In his amazement, he wrote a motivating note in his textbook: “Repay the favor 1/18/09.”

Empowered from that point to receive the best scientific education possible, he pursued research fellowships with the University of Texas Medical Branch in Galveston and the same MD Anderson Cancer Center that cared for his sister during the summers before his junior and senior years, respectively. After Notre Dame, Bermea attended medical school at the University of Chicago’s Pritzker School of Medicine, but he still listened to the instincts that simultaneously pulled him towards research. 

During his third year of medical school, he saw a 15-year-old patient with lupus psychosis on pediatric rotation, leading him to work with a rheumatologist. Also during these clinical rotations, Bermea discovered he liked working in the ICU, which guided him toward sub-specialization in pulmonology and critical care medicine.

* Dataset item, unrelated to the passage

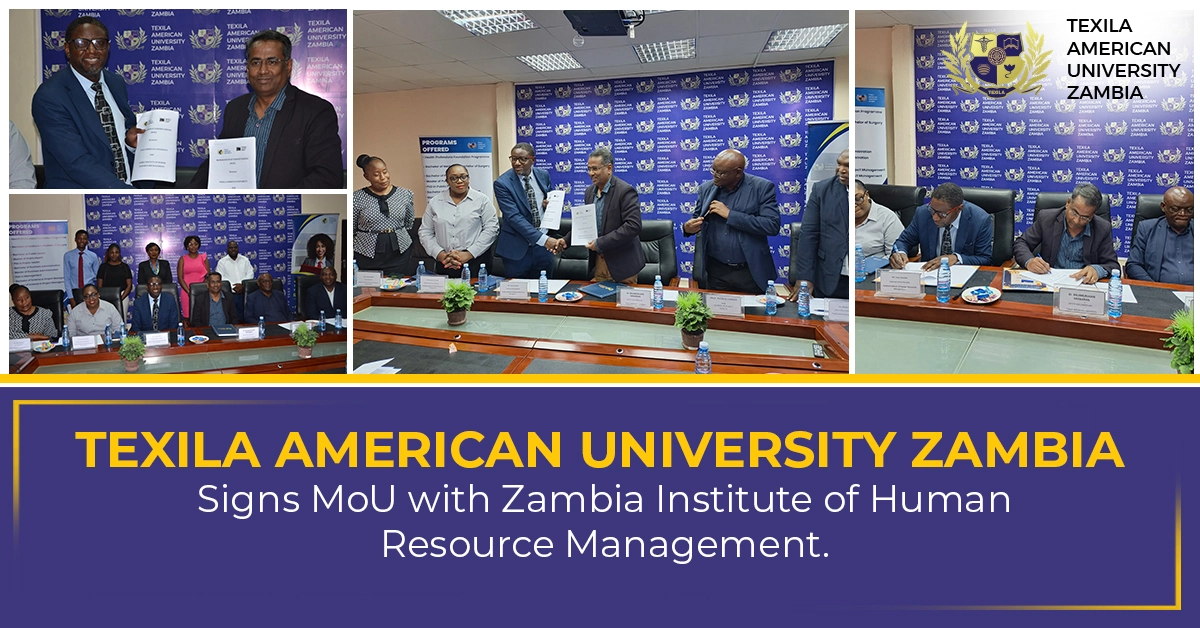 Texila American University Zambia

These experiences led him to pursue clinical research in autoimmune interstitial lung disease (ILD), a category of conditions that produce inflammation and scarring of the lungs.

While deciding on his specialty, Bermea found that lung transplantation is the “pinnacle of everything [he] wanted to do.” He could take care of a sick patient, continue to work in the ICU, and still incorporate his research interests in immune system-driven disease and organ rejection. Bermea is currently a fellow in the Harvard Medical School Pulmonary & Critical Care Medicine Fellowship Program at the Massachusetts General Hospital (MGH) and Beth Israel Deaconess Medical Center (BIDMC), caring for critically ill COVID-19 patients. While not providing care, he’s conducting research both in the laboratory, where he seeks to understand the mechanisms of lung injury after transplantation, and in the clinic, where he studies extracorporeal membrane oxygenation (ECMO) and ILD. In July 2022, he will embark on his final year of clinical training in a transplant pulmonology clinic, treating lung transplant patients. Bermea hopes this experience will lead to his goals of serving as a transplant pulmonologist and ICU doctor, as well as having his own lab to continue research.

This fall, his dedication to his profession and caring for critically ill patients earned him a spot among the Notre Dame Alumni Association’s 2021 Domer Dozen cohort. This honor is awarded to 12 young alumni each year who exemplify the core tenets of the Alumni Association’s mission statement — faith, service, learning, and work.

As he continues down his professional path, Bermea looks back to his time at Notre Dame and how it helped cultivate his attentiveness to processes as opposed to just outcomes. During his junior year, he added a second major in philosophy, and credits this combination of liberal arts and science with getting him to this point. 

“Science teaches you what to think about,” said Bermea. “Philosophy teaches you how to think.”

The value of this combination is evident in Bermea’s fascination for the research process and how identifying gaps and pursuing a project with patience can help many people.

“In academic medicine, you have to be driven by not just affecting and improving one person’s life, which we do a lot in the clinic, but improving a lot of people’s lives — even those you will never meet — for the long term."